Arresting Fall Fatalities
Published: 11th Nov 2015
Falls from height in the workplace are responsible for many serious and fatal injuries each year. Even a fall from a height as low as two metres above the ground carries the risk of a person sustaining serious injury. In addition, the person may not fall on open ground and the risk of injury may be greater if the fall is onto objects below the workspace. Simon Courtney provides an overview of fall arrest PPE.
The risk of a person falling is typically controlled using a hierarchy of protection. This begins with finding alternative ways of working from ground level, such as removing the ‘height’ itself, and ends with the use of personal protective equipment (PPE). Fall arrest PPE is widely used where work is carried out at height and is designed to protect against falls. The basic principle of such equipment is to prevent serious injury to the user by catching them at an earlier stage, namely before the energy associated with the fall reaches terminal levels, either when hitting the floor or due to decelerations that are likely to cause death. A wide range of working at height equipment is available including fall arrest harnesses, lanyards, karabiners and connectors, anchor devices and work positioning systems.
In Europe all protection against falls from a height (except equipment only intended for rescue and some components permanently attached to a structure) must be CE marked and is considered complex category III protection, according to the PPE directive89/686/EEC. CE marking is achieved by testing to an appropriate specification (in most cases, a European harmonised standard) in conjunction with assessment of documentation and the system to ensure ongoing conformity of the product. CE marking must be carried out by a European Notified Body.
The testing of fall protection equipment is typically carried out on the whole product as presented for sale, although testing and approval of components (such as connectors) can be carried out where they are interchangeable between complete systems. In addition, consideration must be paid to the whole system of fall protection, including components worn, components carried and / or operated, and the method of fixation to the structure. In most cases, a system of fall protection will be made up of several components, each one CE marked in its own right, meaning that the end user will need to consider the compatibility of products.

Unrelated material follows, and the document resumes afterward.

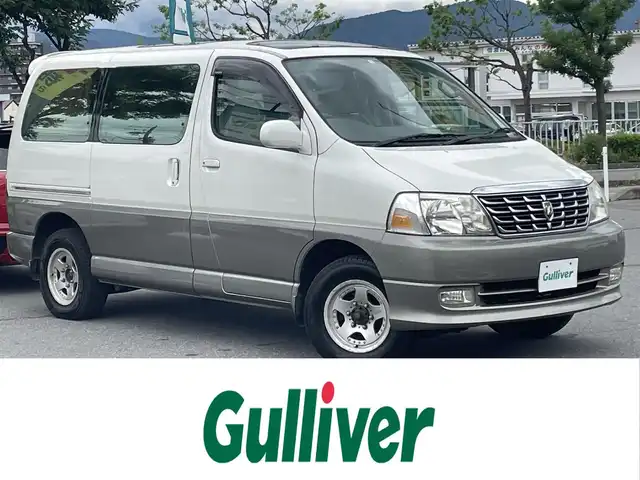 トヨタ グランド ハイエース G Xエディション 長野県 2000(平12)年 3.7万km ベージュ 社外ナビ（FM/AM、CD、DVD、BT、USB）/バックカメラ/ワンセグテレビ/社外ETC/サンルーフ/ダブルエアバック/純正フロアマット/三列目シート/ハロゲンヘッドライト/ABS/社外１５AW/電動カーテン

When selecting a fall protection system a number of factors need to be considered, including:
• The distance the user falls before being brought to a halt • The force applied to the user’s body throughout the arrest of the fall • The likelihood of introducing additional hazards, such as ‘swing-falls’ (or ‘pendulum effect’) or the striking of sharp objects • The possibility of rescue following a fall
Although the distance the user can be allowed to fall will vary depending on the environment in which the product is being used (nominally the distance to the ground), the force that can be applied to the user is limited throughout Europe to 6kN. This limit is evident in most fall protection standards, either in terms of requirements, or the basis for the tests themselves.
The use of PPE when working at height is intended to reduce the main hazard of falling but may introduce ‘minor’ hazards. These include swing hazards, collision in mid-arrest and injuries caused by the equipment itself (such as bruising from constriction by harness webbing). The potential for permanent injury and possibly fatal consequences will increase the longer the user is left suspended following a fall. As well as the need for treating any injuries sustained in a fall, there is the effect of suspension trauma (constriction of blood vessels and pooling of blood in the limbs) to consider, which can have fatal consequences if the pressure on the user is not released within good time. The need for suitable training is, therefore, important before use as is having a system in place to ensure that a rescue can be enacted in the shortest time possible. The worst-case scenario should be considered: where the user who has fallen has lost consciousness.
Harnesses and lanyards
Harnesses are used in conjunction with a fall arrest system or anchorage device and are intended to hold the user in place and spread the load in the case of a fall arrest scenario, e.g. being brought to a stop following a period of free-fall. They are designed in a number of different types including full body harnesses, work positioning and sit / abseil harnesses.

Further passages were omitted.